Steingraber's talk will be followed next month by HAPA's “International Food Justice Summit in Hawaii,” whereby they'll trot four as-yet-unidentified “experts” around the state to:
“weave together a story of how our local struggles are connected, share inspiring stories of grassroots victories from around the earth, and explore how the world movement can grow (together) toward transforming the food system to be more democratic, equitable, ecologically and climate -sensible, and to feed people rather than corporate profits.”
First, we've had quite enough stories and storytelling, thank you very much. How about some truth, followed by some actual action? Because none of these Hawaii groups have actually done anything concrete to transform the food system. Indeed, one could make a strong case that they're guilty of food injustice, as in consuming more than their share, simply by observing the paunches and jowls of the most ardent activists.
And enough already with the empty rhetoric about “corporate profits.” Center for Food Safety and HAPA love to demonize corporate cash and place themselves above the filthy money-grubbers, with HAPA grandly claiming its “mission is to catalyze community empowerment and systemic change towards valuing `āina (environment) and people ahead of corporate profit.”
Yet HAPA and CFS are funded almost solely by corporate profits, including those gleaned from fossil fuel exploitation and other toxic enterprises.
Speaking of Gary, I was quite touched to read his little tribute to me in his Thanksgiving blog post, where he wrote:
My thanks today goes [sic] out especially to those unique individuals who go the extra mile and who work relentlessly toward the goal of making our island and our planet a better place. I am speaking of those who are willing to stand up and be counted and speak truth to power even when the topic is controversial and the position perhaps unpopular.
Aw, gee whiz, Gary. Glad you've finally seen the light. Maybe now you'll stop leaving all those nasty "anonymous" comments about how I'm a paid industry shill. (Hint: It's super easy to identify people when they use the same language in their Facebook posts that they do in their “anonymous” comments.]

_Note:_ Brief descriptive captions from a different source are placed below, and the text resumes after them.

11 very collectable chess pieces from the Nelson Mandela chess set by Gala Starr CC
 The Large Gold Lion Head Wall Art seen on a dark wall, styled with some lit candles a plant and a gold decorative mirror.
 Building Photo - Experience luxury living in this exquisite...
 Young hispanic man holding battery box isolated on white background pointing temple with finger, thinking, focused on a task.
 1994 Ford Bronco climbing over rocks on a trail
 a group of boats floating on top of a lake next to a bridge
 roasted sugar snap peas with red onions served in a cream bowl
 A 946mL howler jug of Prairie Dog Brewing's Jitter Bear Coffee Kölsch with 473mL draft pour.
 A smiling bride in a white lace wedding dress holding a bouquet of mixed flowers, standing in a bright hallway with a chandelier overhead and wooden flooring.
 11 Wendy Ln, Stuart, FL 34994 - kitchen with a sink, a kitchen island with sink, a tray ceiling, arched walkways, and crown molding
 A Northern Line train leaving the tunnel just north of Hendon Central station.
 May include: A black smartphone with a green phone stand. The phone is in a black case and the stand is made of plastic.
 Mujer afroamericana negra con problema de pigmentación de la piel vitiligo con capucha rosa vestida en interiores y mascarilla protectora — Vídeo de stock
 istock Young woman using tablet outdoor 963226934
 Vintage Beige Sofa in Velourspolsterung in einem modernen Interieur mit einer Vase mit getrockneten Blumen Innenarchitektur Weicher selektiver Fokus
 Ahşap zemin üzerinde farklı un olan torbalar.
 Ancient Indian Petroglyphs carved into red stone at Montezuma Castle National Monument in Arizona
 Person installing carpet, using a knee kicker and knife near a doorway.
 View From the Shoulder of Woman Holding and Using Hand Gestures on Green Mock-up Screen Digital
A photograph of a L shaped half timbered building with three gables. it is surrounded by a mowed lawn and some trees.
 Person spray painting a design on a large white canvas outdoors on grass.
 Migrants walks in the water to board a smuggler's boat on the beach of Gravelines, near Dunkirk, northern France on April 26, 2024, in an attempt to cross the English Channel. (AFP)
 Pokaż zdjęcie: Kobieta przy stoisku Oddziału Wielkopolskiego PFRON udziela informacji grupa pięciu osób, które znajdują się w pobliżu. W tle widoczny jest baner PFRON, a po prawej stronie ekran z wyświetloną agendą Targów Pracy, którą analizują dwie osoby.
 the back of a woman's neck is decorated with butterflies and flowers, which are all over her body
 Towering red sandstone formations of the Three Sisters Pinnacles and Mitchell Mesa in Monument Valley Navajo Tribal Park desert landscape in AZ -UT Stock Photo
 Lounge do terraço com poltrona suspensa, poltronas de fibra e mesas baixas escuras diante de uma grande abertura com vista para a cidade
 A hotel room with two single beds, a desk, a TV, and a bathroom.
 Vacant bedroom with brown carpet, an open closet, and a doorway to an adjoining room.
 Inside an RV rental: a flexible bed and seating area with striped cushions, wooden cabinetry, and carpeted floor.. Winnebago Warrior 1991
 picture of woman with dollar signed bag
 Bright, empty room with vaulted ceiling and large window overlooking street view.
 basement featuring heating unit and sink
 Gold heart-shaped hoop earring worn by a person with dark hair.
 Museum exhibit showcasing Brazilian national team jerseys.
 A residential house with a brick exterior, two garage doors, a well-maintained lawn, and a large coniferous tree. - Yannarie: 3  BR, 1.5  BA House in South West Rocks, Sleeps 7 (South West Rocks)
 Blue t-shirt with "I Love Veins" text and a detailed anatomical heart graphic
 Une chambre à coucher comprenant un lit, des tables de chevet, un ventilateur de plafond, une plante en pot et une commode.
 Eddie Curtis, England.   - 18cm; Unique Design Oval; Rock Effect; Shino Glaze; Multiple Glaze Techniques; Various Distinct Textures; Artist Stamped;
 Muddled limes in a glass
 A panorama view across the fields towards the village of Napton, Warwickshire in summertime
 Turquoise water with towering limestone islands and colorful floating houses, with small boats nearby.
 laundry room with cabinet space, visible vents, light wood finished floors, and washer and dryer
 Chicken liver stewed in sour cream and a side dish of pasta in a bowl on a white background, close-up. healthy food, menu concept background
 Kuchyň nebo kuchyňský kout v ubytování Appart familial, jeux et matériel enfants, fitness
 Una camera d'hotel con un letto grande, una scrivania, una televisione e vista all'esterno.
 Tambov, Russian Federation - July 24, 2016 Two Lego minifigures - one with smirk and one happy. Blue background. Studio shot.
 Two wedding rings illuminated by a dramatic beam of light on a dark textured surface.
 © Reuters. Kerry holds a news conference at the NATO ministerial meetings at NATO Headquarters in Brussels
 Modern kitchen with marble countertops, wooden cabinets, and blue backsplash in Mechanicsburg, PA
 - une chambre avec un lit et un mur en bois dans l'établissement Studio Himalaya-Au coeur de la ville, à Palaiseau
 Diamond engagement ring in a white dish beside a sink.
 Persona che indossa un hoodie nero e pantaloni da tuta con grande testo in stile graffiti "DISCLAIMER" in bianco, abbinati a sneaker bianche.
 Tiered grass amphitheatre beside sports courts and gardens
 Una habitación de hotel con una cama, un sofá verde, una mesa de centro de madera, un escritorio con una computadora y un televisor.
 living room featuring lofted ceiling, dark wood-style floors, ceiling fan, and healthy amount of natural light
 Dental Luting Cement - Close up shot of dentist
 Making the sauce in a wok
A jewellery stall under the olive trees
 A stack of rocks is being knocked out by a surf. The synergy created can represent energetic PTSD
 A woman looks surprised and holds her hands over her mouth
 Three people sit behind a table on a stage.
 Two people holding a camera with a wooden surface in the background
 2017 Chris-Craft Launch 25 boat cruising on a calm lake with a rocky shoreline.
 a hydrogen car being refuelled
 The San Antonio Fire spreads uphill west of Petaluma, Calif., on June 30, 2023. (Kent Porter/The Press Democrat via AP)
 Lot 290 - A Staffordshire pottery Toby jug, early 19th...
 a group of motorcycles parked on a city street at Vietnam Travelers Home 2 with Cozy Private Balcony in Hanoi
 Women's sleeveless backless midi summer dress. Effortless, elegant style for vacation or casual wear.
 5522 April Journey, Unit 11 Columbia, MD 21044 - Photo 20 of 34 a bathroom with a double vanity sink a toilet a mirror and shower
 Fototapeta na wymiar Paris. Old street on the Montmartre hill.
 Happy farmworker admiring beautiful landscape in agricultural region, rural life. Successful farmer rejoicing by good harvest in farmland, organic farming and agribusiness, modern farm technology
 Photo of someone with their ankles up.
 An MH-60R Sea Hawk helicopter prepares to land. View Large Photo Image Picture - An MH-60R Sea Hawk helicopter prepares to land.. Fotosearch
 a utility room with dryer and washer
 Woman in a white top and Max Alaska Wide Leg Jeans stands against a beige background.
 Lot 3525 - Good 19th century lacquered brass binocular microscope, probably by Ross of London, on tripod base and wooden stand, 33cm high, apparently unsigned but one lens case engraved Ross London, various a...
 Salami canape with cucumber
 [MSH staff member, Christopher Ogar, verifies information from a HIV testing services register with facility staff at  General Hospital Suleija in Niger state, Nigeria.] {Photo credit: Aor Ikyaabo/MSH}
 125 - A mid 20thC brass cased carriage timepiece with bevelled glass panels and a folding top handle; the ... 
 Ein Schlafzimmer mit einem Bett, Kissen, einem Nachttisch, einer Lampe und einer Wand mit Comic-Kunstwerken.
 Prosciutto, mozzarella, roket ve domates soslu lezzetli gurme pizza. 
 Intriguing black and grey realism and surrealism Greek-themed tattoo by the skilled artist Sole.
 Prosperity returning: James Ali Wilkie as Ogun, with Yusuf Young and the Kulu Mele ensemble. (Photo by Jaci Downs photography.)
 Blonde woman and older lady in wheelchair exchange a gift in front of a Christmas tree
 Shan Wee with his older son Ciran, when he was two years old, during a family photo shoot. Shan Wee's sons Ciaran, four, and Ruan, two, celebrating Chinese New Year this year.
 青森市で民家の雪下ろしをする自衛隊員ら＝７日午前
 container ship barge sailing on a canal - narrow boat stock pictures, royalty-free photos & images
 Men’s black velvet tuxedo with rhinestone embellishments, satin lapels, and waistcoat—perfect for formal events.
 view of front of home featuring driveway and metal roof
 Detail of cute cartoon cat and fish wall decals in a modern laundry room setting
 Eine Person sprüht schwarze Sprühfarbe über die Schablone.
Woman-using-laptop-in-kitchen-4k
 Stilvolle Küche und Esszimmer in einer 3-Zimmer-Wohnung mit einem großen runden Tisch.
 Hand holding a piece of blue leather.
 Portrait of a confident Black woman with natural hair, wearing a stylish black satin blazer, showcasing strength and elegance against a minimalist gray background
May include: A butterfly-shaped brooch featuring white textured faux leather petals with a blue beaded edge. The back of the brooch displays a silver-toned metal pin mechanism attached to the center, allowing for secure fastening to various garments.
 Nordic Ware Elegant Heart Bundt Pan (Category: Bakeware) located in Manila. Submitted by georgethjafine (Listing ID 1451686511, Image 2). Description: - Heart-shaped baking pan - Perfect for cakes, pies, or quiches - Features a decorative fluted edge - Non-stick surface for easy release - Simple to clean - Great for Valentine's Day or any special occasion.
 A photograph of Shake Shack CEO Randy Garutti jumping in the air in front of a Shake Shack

I also noticed that Gary is using his very limited time on the Kauai County Council not to advance food justice or improve farming opportunities or support local ag, but to crack down on those who improperly try to influence legislation. You know, like how he does when he goes to the Lege and uses his Councilman title to lobby for HAPA's agenda.
As he wrote on his blog:
The Hawaii State Constitution requires every County to regulate those individuals and organizations who are paid to influence government actions, however Kauai County does not presently have a “lobbying ordinance” in place. I have a proposed draft Bill that addresses this issue which is now under its final legal review and is expected to be introduced in late December or early January.
Oh, goodie. Let's hope the Council adds language that Gary is sure to omit; namely, verbiage that prohibits a Councilman from missing meetings he's paid to attend so he can misuse his elected position to lobby state lawmakers and Syngenta shareholders on issues that directly affect his nonprofit.